Write out the entries exactly. None of the pictures should appear in the copy.

--- DATASET EXCERPTS ---

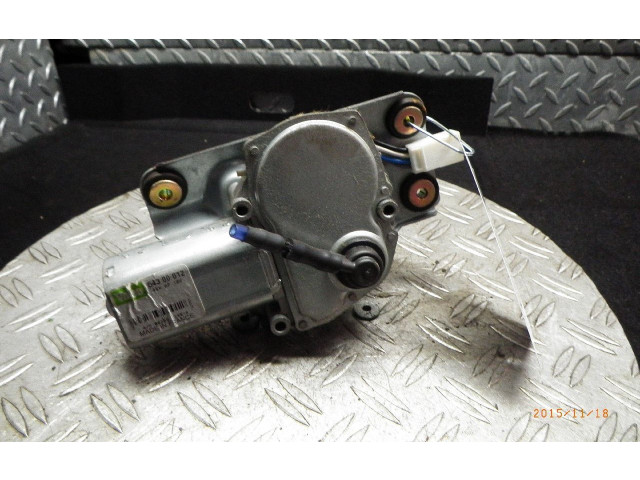 Моторчик заднего дворника     Rover Streetwise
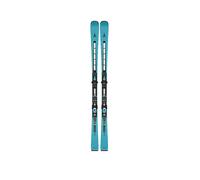 ATOMIC Set sci da pista REDSTER X9S REVOSHOCK S + I 12 GW turchese | 166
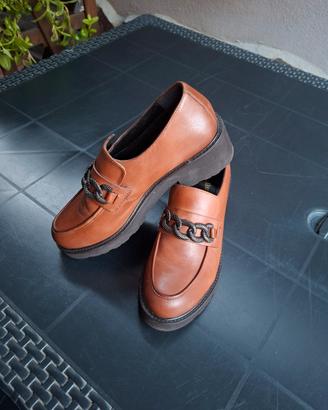 scarpe melluso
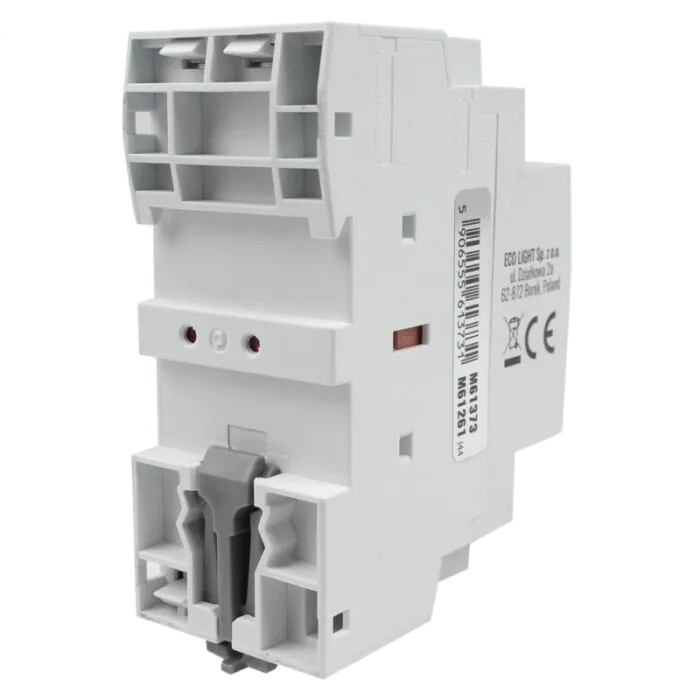 Stycznik modulowy .MORE M61373/ M61261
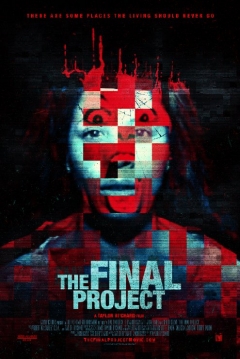 Poster The Final Project
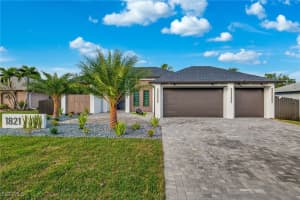 1821 Sw 25th Ter, Cape Coral 1821 Sw 25th Ter, Cape Coral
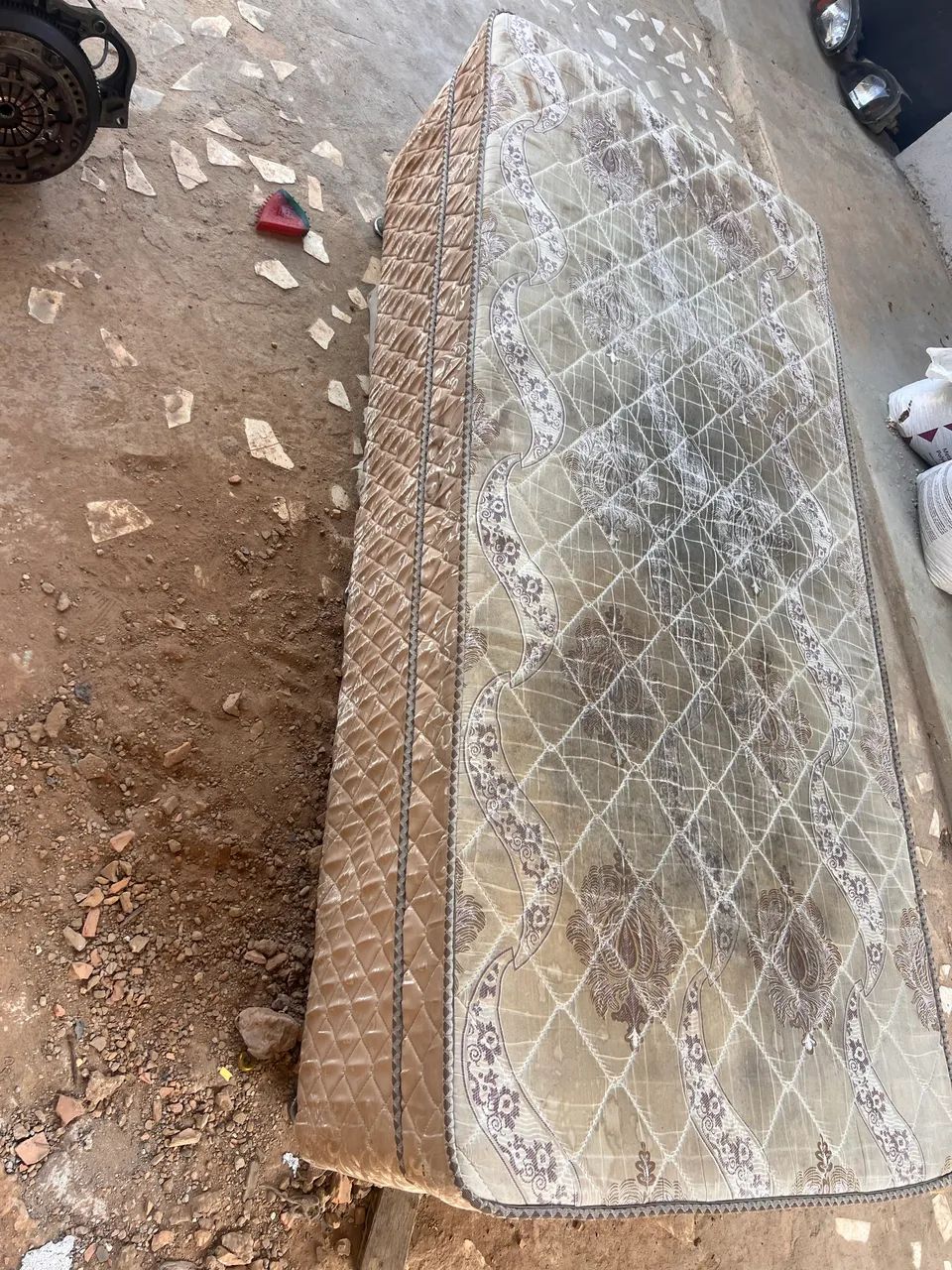 Cama solteiro 80,00 - Foto 2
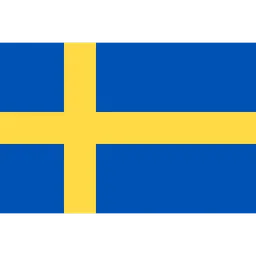 Free Sweden Flag Icon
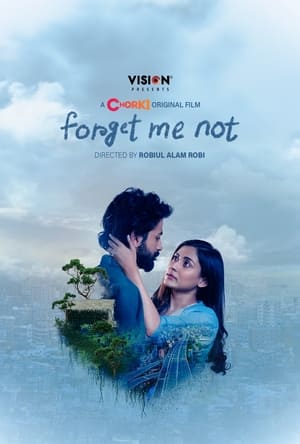 Forget Me Not (2024)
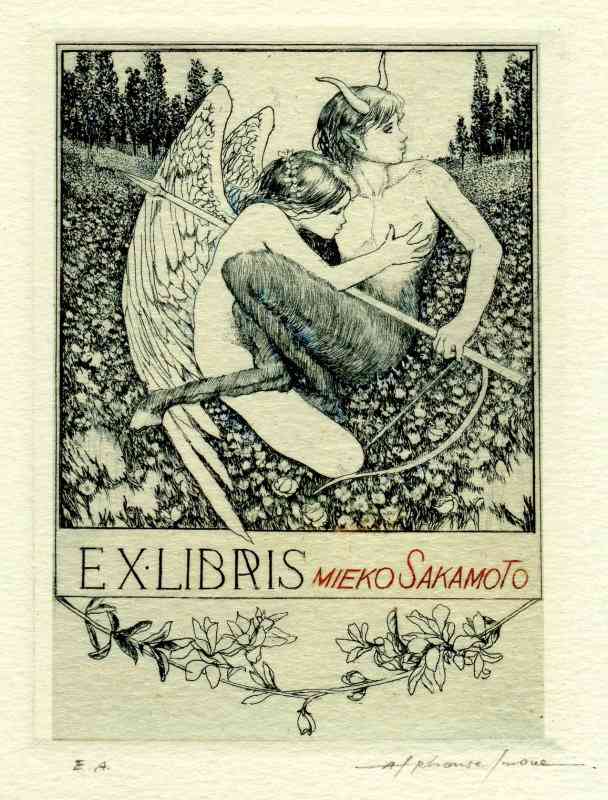 【耽美】大正から昭和の挿絵画家【退廃】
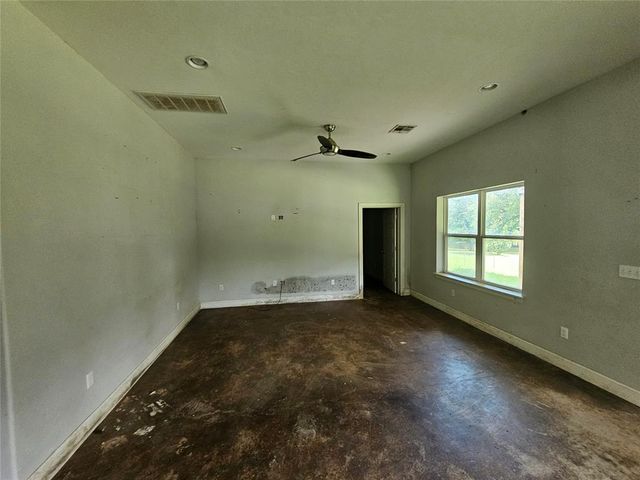 26676 Briar Oak Drive, Blanchard, OK 73010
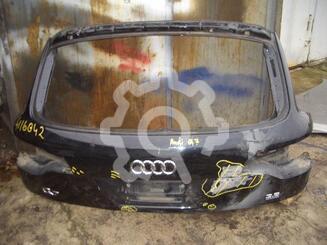 Дверь багажника Audi Q7 2005 - 2014 г.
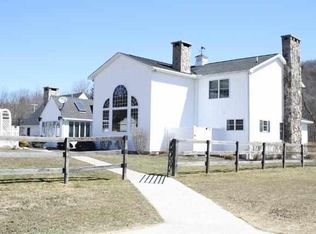 360 Buck Brook Rd, Roscoe, NY 12776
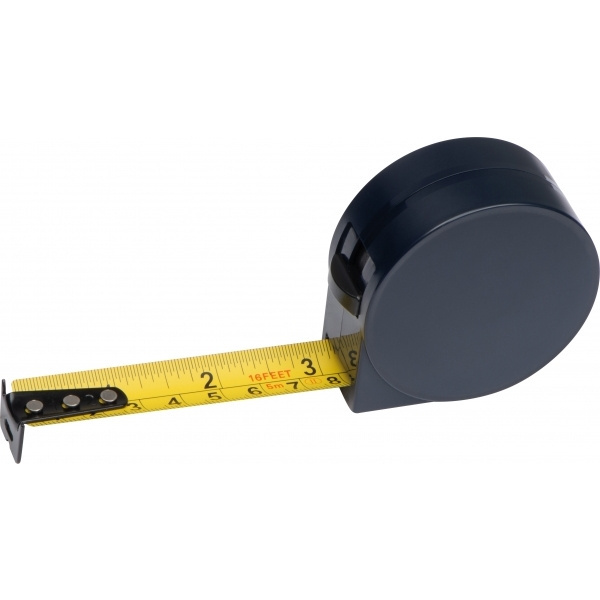 Logotrade promotional items photo of: Measuring tape Konstanz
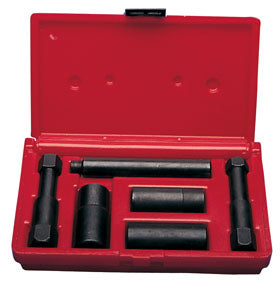 LTI Tools Deluxe Hubcap & Wheel Lock Removal Kit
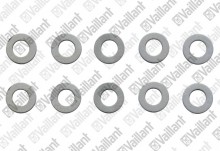 Produktbild: VAILLANT Rechteckdichtring Nr. 981145 (10 Stück)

---

◆ **RESPONSE AREA**:
 Моторчик заднего дворника     Rover Streetwise
 ATOMIC Set sci da pista REDSTER X9S REVOSHOCK S + I 12 GW turchese | 166
 scarpe melluso
 Stycznik modulowy .MORE M61373/ M61261
 Poster The Final Project
 1821 Sw 25th Ter, Cape Coral 1821 Sw 25th Ter, Cape Coral
 Cama solteiro 80,00 - Foto 2
 Free Sweden Flag Icon
 Forget Me Not (2024)
 【耽美】大正から昭和の挿絵画家【退廃】
 26676 Briar Oak Drive, Blanchard, OK 73010
 Дверь багажника Audi Q7 2005 - 2014 г.
 360 Buck Brook Rd, Roscoe, NY 12776
 Logotrade promotional items photo of: Measuring tape Konstanz
 LTI Tools Deluxe Hubcap & Wheel Lock Removal Kit
 Produktbild: VAILLANT Rechteckdichtring Nr. 981145 (10 Stück)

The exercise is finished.